From Philippine Daily Inquirer website     

Gunmen in southern Nigeria on Tuesday kidnapped a Filipino national working as a subcontractor for oil company Shell and killed at least one policeman who was escorting him, industry sources and police said.

“One Filipino was kidnapped at 9 a.m. (0800 GMT) and two MOPOL police were killed on the Owerri-Port Harcourt road,” a private security adviser said, adding that the Filipino was a Shell subcontractor.

Another industry source said only one policeman had been killed in the incident. MOPOL is an elite unit of the Nigerian police tasked with escorting VIPs among other duties.

“I can confirm the Filipino was taken away and a policeman shot but I can’t say if he’s dead,” National police spokesman Haz Iwendi told Agence France-Presse.

Iwendi added that it happened in Imo State, of which Owerri is the capital.

In Manila, Foreign Affairs Undersecretary Esteban Conejos of the Migrant Workers Affairs said he was trying to verify the report.

The latest kidnapping brings to 30 the number of foreigners currently held hostage in southern Nigeria’s oil-producing region. Twenty-four of the hostages are Filipinos who were seized from a cargo vessel, two of them are Italians and the remaining three are a Briton, an American and a Lebanese national.

Nine Chinese oil workers from the China National Petroleum Corp (CNPC) kidnapped January 25 were freed on Sunday.

Another group of Chinese telecoms workers seized at the beginning of the year were freed on January 17 and have since returned home.

The seizing of the 24 Filipinos on January 20 prompted Philippine President Gloria Macapagal-Arroyo to slap a temporary ban on workers traveling to Nigeria for employment.
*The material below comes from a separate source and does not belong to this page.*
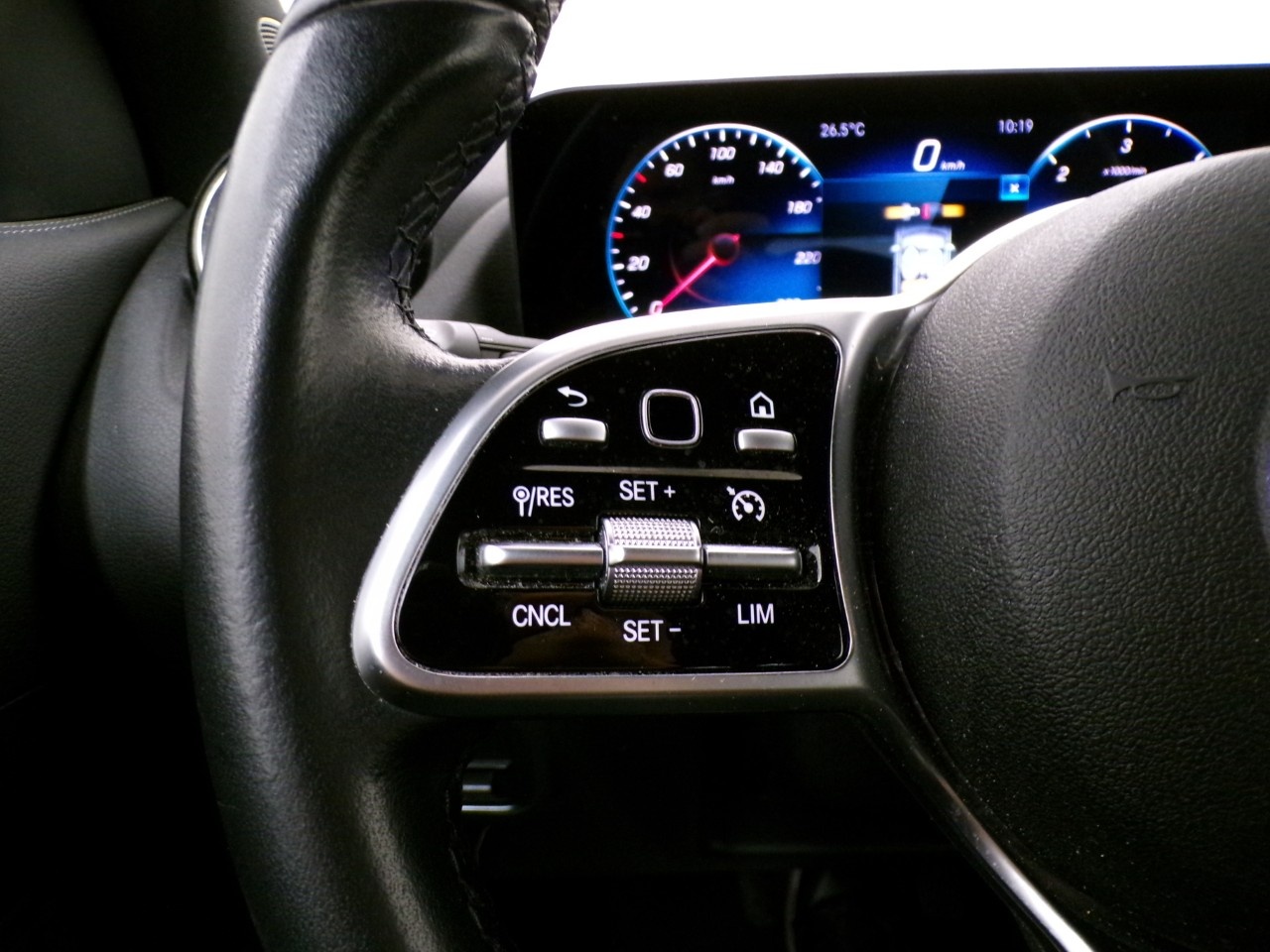 Mercedes GLA GLA 180 D Sport Plus 8G-DCT - 11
The past few weeks have seen both a sharp increase in overall hostage takings in the Niger delta and an increase in the number of Asian workers targeted.

The kidnappers are a mixture of separatist groups with a political agenda and criminal gangs lured by the attraction of easy ransom money.
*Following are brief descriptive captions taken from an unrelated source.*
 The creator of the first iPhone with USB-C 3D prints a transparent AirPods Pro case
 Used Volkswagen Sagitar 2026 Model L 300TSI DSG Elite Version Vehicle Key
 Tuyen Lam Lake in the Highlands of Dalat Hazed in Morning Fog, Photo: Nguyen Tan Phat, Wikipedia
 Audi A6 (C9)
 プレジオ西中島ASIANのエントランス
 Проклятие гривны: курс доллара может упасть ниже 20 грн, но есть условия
Some security experts say that Asians make easier targets because security measures surrounding some of them are less draconian than for Western workers.
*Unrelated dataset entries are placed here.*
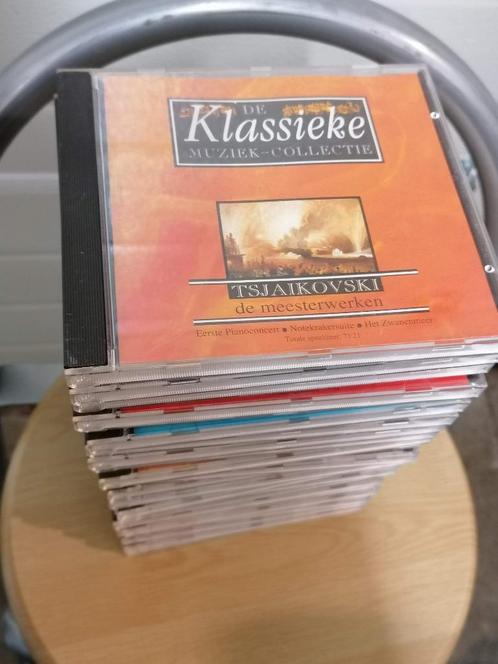 CD's "De Klassieke Muziek-Collectie" vol. 1 tot 24, CD & DVD, CD | Classique, Utilisé, Enlèvement ou Envoi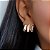 Brinco Banhado Ouro 18k Ear Rock com Zirconias com três Faixas Curvadas sendo  Duas Lisas e uma Cravejada - Imagem 3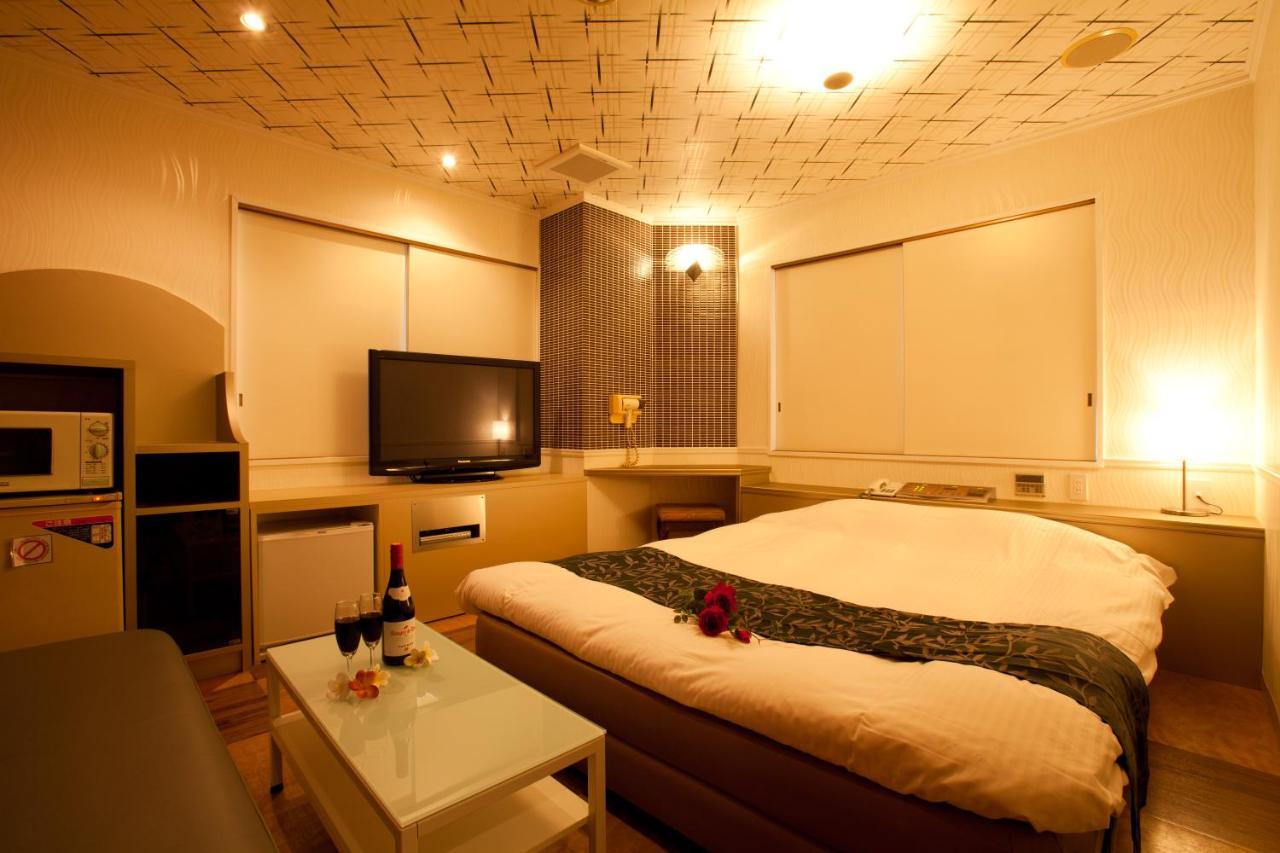 Hotel Luna (Adults Only) Токио Екстериор снимка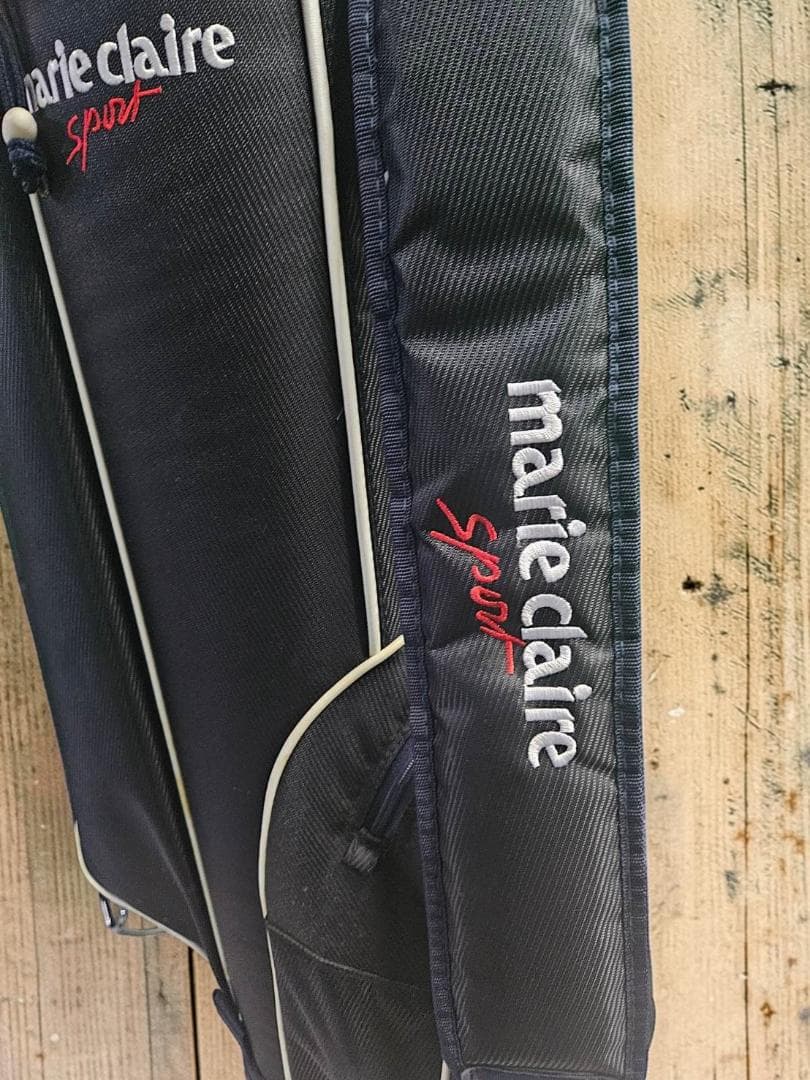 送料無料/超美品　marie claire 軽量タイプゴルフバッグNAVY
Other security men see it as a question of numbers. They say more Asians are coming to work in Nigeria’s oil sector and that accordingly more of them are being taken hostage.

Close to 4,000 Filipinos are currently employed in Nigeria.

The Asian country that has invested most in Nigeria in recent years is China, and analysts say it is possible that gunmen seeking to discourage Chinese investment in the country’s oil sector may simply target Filipinos by mistake.

“It would be foolish to think that the average Nigerian really distinguishes between a Chinese and a Filipino,” one security source said.